You will probably have to go through the same process as you are over 16. But, the good news is that your mother has done all of the work so it should be a much easier process. You will need the criminal record for the UK though.


----------



## anapedrosa (Mar 21, 2011)

Mac G.
Although I wouldn't be surprised if you do have to go through all of the same steps, I would check at the Portuguese Consulate. 
I obtained my Portuguese citizenship in Canada, because my mother had registered my birth I only needed to provide my Canadian documentation.
Your situation is different, but I was surprised by how many records the consulate was able to access on the computer. It may be that since your mother has gone through the process that they will be able to use her records as a starting point for yours. Worth asking I think


----------



## jshshr (Nov 2, 2012)

Once your mother gets her citizenship (passport is a travel document available to citizens), you should 
be able to get yours very quickly. My daughter got her EU citizenship immediately after her mom waited a few years. 
If your mom only presented the documents 6 weeks ago, my understandinf for most EU contires is that it can take a long time till she is finally approved (assuming all her documents are in order).
So you might think about what to do until then!!!


----------



## G.Mac. (Oct 23, 2012)

Hi everyone,

It has been a while since I last checked this thread but thanks for the new comments I hadn't seen. 
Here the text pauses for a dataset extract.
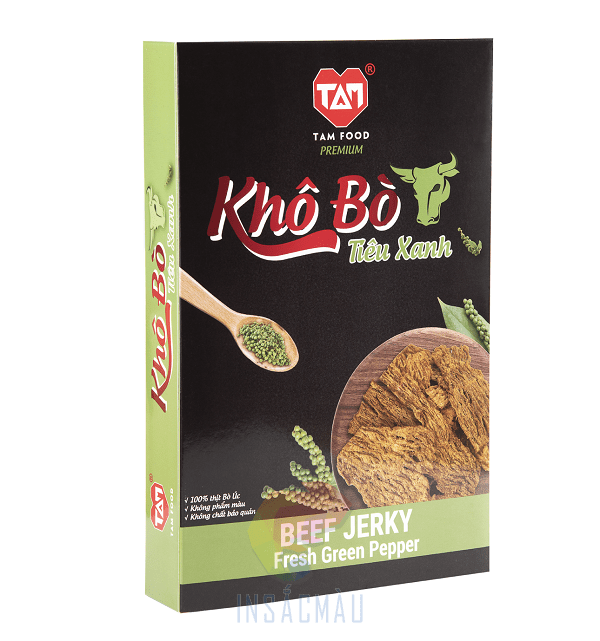 Mẫu hộp giấy đựng khô bò vị tiêu xanh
I guess I am quite lucky in that the Portuguese consulate in Manchester is right across from my office building! Do you think it's worth going in and asking a few questions with relation to the process for obtaining nationality (given that my mother's is still being worked on), or would I be turned away without much help?

Plus following on from jshshr's post, does anyone have a vague idea of how long the process might take for my mother? From what we've been tracking, the application was sent to Portugal (including all documents) on September 3, with Receipt by the Immigration services on September; my mother then had a letter from them confirming receipt and that they started processing the application on October 17 (about eight weeks ago).

With people's experiences (in Portugal, around the EU, across the ocean in the US, Canada, Brazil etc. have you had to wait a very long time for your applications to come back?


----------



## anapedrosa (Mar 21, 2011)

Mine took less than 6 months. But, my mother had registered my birth in Lisbon, so the consulate told me that made a difference. 

If the consulate is right across the street from your office, I can't see why you wouldn't go in, nothing to lose.


----------



## G.Mac. (Oct 23, 2012)

Hi everyone,

I thought I would re-visit this thread I created many months ago. To begin with my mother has acquired her Portuguese nationality as of last month! She received the confirmation letter earlier this week.

Now she will be going at the end of August to Aveiro where her and my Dad have their apartment and she will apply for her ID card and passport while there. 

From previous replies it appears that I would be eligible to acquire the nationality myself, but is anyone here 100% certain of it? Can a 24 year old apply for Portuguese nationality if a parent has *acquired* it themselves? It's just a small doubt I have on whether I am eligible or not. Because between now and August I am thinking of getting all the documents (birth certificates, criminal records, etc.) to take with her and get my own application on the go. Am I able to do this? I've seen that anapedrosa's reply says that her birth was already registered in Lisbon, which isn't my case here; so it seems like I would be starting from square one? Thanks.


----------



## canoeman (Mar 3, 2011)

Yes your age isn't an issue it's your parents, your mother wouldn't have* "acquired"* Nationality it if she wasn't entitled which makes it easier for you


----------



## G.Mac. (Oct 23, 2012)

canoeman said:


> Yes your age isn't an issue it's your parents, your mother wouldn't have* "acquired"* Nationality it if she wasn't entitled which makes it easier for you


Thanks canoeman, it's greatly appreciated!


----------